MATERIAL SUPPLIED:
◇ ◇ ◇

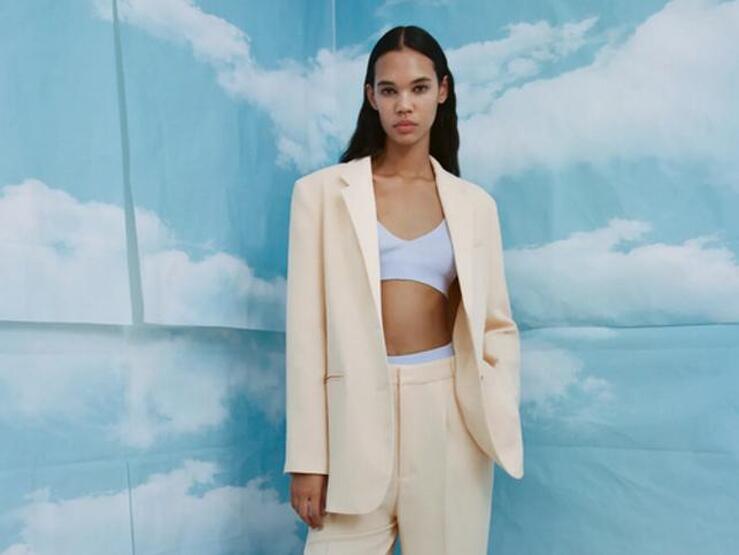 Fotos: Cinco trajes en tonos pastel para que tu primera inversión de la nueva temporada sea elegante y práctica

◇ ◇ ◇

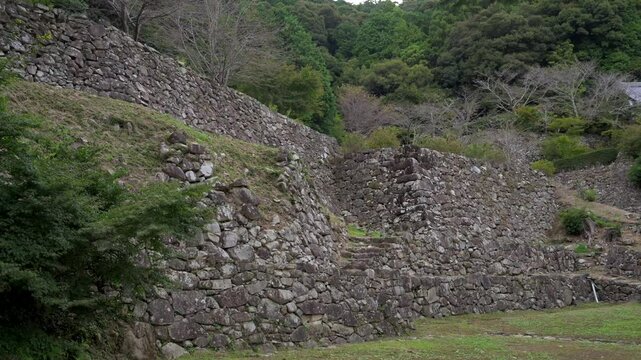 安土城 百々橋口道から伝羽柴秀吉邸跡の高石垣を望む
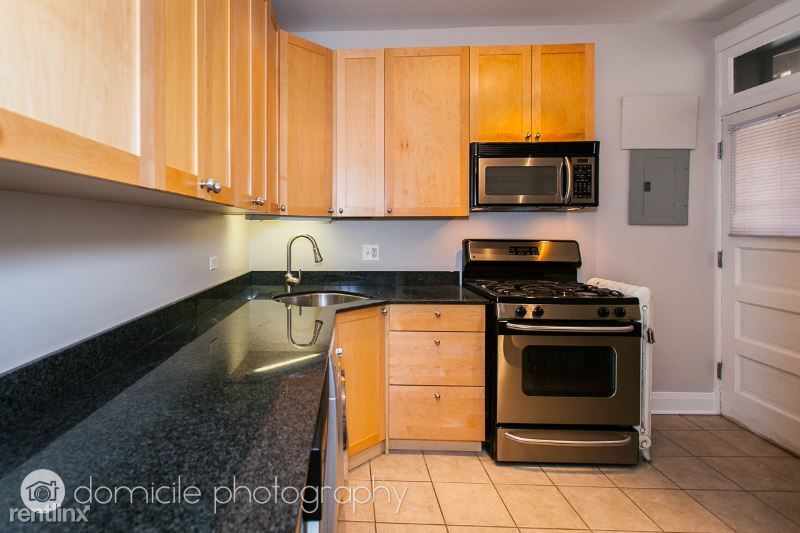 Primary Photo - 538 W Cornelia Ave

◇ ◇ ◇

EXERCISE DESCRIPTION: Look above for the line with "安土城 百々橋口道から伝羽柴秀吉邸跡の高石垣を望む" and the line with "Primary Photo - 538 W Cornelia Ave", then copy exactly the lines from the first through the second, both kept, with no pictures.

RESULT OF THIS EXERCISE:
 安土城 百々橋口道から伝羽柴秀吉邸跡の高石垣を望む
 Primary Photo - 538 W Cornelia Ave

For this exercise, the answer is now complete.